From hearth +‎ -ful.

Adjective

hearthful (comparative more hearthful, superlative most hearthful)

  1. Characterized by warmth, comfort, and a sense of belonging; cosy.
    • 1995, Jeanne Moore, The faces of homelessness in London, →ISBN, page 265:
      Thus for some people in settings such as squats and the street, lower on the physical continuum than the others, their experiences may be hearthful: the psychological, social and symbolical constituents of home.
    • 2003, Ralph Monroe Powers, Benaiah Jones III, American Frontiersman, page 56:
      The spot in Hillsdale County chosen by Mr. Jones was sightly and hearthful, watered by the St.

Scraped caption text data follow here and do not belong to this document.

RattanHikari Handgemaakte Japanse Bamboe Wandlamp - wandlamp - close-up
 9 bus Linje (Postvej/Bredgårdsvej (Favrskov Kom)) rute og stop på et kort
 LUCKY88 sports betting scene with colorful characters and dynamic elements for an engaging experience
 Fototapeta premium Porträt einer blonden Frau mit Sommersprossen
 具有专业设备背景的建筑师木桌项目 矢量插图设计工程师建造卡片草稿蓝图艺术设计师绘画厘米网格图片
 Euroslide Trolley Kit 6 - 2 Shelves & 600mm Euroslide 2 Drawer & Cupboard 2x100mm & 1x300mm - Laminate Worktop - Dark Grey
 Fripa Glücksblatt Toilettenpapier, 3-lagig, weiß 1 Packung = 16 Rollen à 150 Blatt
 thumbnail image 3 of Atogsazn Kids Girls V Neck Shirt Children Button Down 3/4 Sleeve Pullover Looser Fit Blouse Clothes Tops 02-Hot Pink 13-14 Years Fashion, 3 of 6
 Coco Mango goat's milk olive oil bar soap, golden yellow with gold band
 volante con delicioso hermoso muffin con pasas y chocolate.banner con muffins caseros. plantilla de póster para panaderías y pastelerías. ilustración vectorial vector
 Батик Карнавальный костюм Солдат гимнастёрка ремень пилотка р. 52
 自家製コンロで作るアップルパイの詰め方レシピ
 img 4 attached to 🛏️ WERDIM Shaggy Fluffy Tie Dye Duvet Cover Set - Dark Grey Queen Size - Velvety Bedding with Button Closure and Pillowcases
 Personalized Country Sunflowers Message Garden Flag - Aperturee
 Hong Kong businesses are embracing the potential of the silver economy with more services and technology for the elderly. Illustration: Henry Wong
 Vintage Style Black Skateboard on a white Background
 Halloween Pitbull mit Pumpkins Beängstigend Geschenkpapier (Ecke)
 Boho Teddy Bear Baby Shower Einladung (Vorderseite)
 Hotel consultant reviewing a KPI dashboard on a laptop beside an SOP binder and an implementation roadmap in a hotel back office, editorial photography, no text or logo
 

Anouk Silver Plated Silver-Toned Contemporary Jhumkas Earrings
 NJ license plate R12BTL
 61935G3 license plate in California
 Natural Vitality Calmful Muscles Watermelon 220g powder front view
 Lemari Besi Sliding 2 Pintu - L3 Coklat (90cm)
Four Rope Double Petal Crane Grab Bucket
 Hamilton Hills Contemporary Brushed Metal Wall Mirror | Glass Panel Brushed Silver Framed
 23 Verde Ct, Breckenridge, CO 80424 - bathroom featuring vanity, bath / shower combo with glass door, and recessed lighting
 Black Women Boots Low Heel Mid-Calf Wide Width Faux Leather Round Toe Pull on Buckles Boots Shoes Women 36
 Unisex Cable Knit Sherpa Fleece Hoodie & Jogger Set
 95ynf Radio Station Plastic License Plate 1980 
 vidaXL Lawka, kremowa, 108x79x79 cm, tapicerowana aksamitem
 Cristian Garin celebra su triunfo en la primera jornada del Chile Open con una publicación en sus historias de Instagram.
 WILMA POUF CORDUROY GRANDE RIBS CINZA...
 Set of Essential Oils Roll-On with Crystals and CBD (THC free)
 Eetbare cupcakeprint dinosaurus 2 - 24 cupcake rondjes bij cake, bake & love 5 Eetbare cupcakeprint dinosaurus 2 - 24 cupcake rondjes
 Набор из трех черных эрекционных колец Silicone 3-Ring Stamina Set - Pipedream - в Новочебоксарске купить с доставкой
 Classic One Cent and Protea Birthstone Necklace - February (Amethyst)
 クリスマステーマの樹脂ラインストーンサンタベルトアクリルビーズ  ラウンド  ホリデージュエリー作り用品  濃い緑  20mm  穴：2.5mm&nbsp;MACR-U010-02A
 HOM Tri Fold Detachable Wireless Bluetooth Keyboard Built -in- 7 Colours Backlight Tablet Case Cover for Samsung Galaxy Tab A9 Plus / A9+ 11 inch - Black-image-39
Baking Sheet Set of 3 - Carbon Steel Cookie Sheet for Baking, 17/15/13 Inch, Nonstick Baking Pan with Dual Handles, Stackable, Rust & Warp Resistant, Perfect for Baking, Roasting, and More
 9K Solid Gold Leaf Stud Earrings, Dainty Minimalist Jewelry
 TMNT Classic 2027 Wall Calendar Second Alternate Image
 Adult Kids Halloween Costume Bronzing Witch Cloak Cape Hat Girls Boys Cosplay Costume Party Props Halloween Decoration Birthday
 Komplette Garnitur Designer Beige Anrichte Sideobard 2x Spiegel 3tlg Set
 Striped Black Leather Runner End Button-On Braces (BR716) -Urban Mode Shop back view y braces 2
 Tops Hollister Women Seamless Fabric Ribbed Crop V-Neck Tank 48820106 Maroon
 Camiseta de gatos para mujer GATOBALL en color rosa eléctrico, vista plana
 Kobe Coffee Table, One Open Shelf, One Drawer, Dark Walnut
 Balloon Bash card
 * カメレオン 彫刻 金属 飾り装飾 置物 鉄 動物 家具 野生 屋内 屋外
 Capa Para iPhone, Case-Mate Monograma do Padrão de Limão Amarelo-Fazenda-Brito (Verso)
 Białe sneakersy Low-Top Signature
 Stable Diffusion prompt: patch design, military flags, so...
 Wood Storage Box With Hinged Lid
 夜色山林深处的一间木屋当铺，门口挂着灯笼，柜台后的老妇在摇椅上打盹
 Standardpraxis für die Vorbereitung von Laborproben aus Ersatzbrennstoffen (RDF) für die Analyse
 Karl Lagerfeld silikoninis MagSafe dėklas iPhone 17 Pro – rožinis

Joseph River, and thickly wooded.
    • 2009, Søren Ventegodt, Joav Merrick, Health and Happiness from Meaningful Work:
      When we work with leaders and coworkers, the principles are not very different, but the focus is on using all their talents and obtaining joy of work and proficiency, hearthful relationships at the working place, and the expierience of creating real value to the community.
    • 2009, Joanna Devrais, Hearthstories: A Modern Woman's Quest for the Essential Self, →ISBN, page 16:
      What was a hearthful life? I turned to my day and knew that part of what was lost to me was joy and fun. Food still came to mind. What was comforting and hearthful I thought.